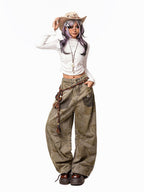 Arielink Wasteland Distressed Printed Women's Denim Low Rise Button Fly Wide-leg Jeans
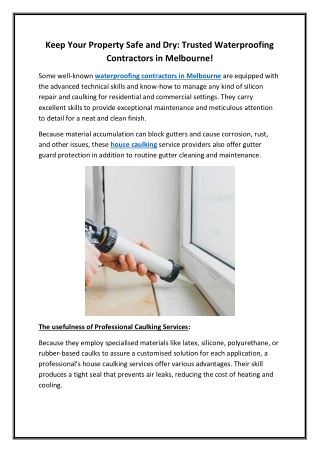 Keep Your Property Safe and Dry Trusted Waterproofing Contractors in Melbourne!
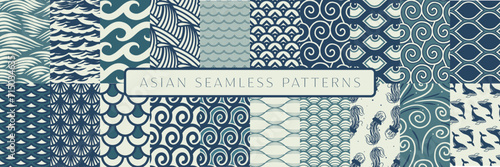 Asian seamless patterns collection, set, pack, traditional, oriental, wave, sea, water, japanese design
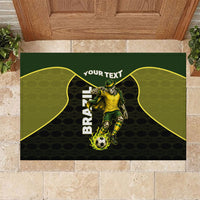 Personalized Brazil Football Rubber Doormat Gothic Skull Skeleton Mascot Flaming Soccer Ball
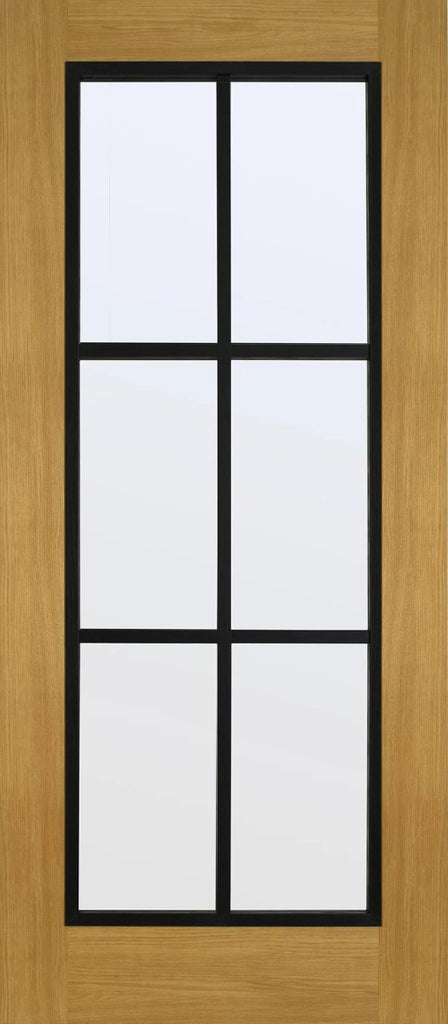 6 Lite Luxury Laminate Oak Clear Glass - Natural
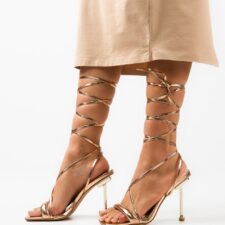 Sandale cu toc Abbondio Aurii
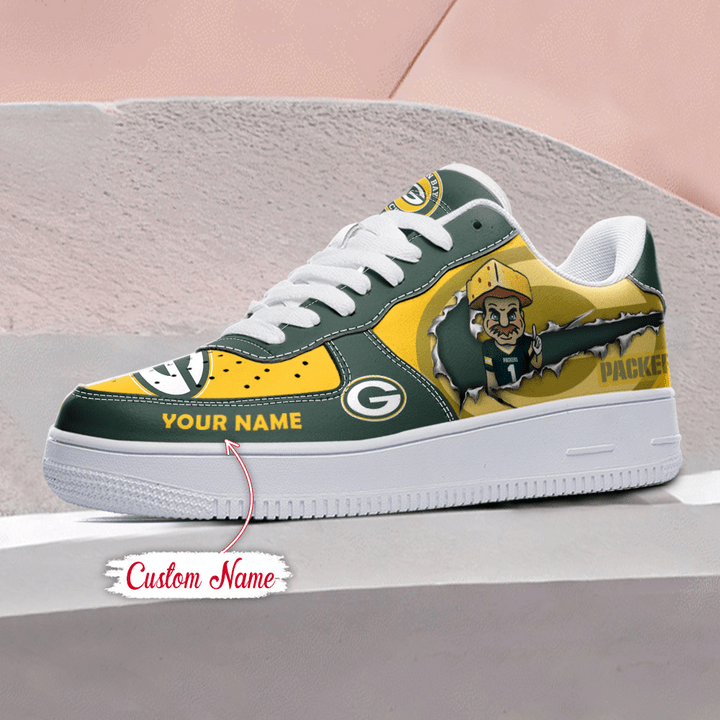 NFL Green Bay Packers Custom Name Air Force 1 Sneaker AZBTAF1000088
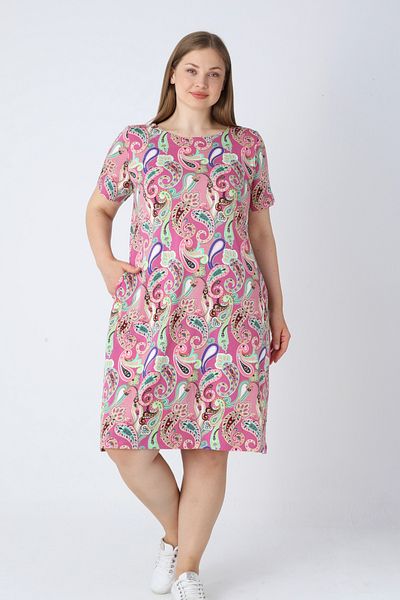 İntensive Women's Plus Size Patterned Short Sleeve Cotton Dress with Pockets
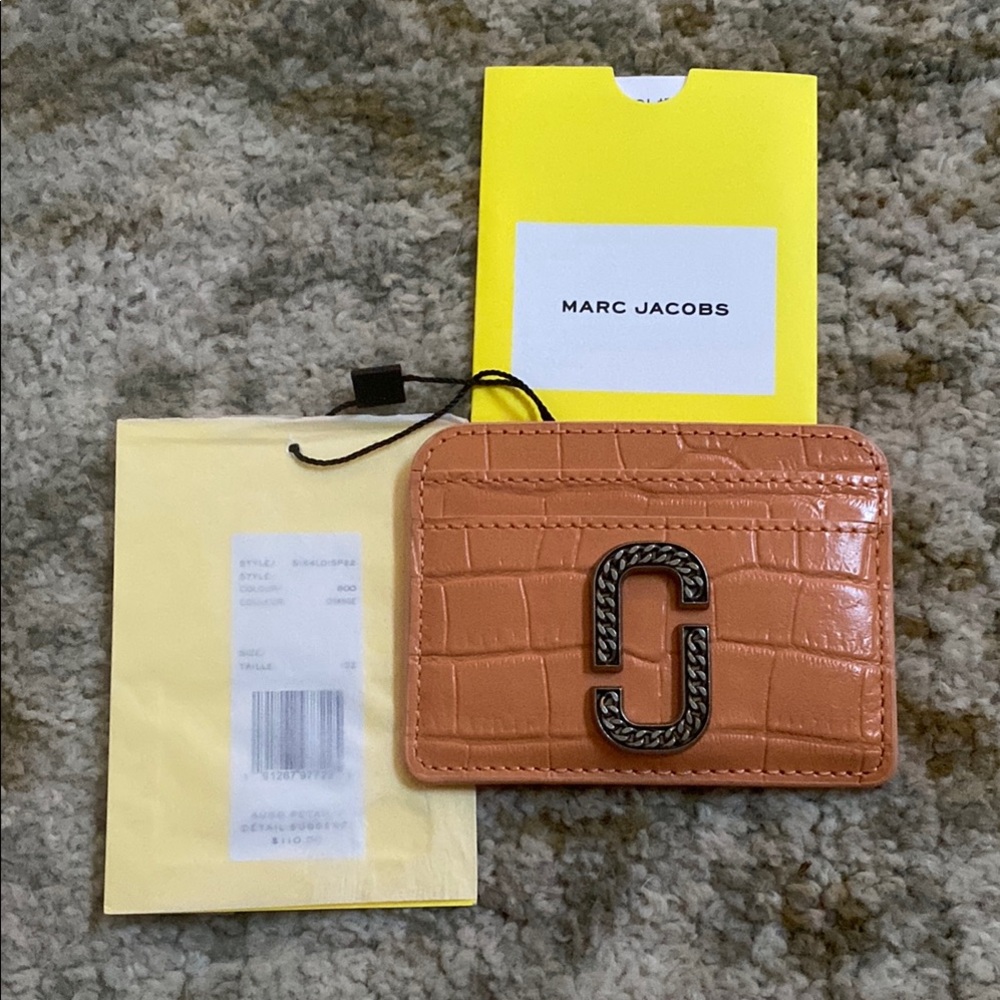 Authentic NWT Marc Jacobs Brown Croc-Embossed Cardholder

· · · · · · ·

_WHAT YOU NEED TO DO_:
Reproduce the lines of the listing exactly, starting at the one that contains "NFL Green Bay" and continuing through the final line, but leave out the pictures.

_PROBLEM SOLUTION_:
 NFL Green Bay Packers Custom Name Air Force 1 Sneaker AZBTAF1000088
 İntensive Women's Plus Size Patterned Short Sleeve Cotton Dress with Pockets
 Authentic NWT Marc Jacobs Brown Croc-Embossed Cardholder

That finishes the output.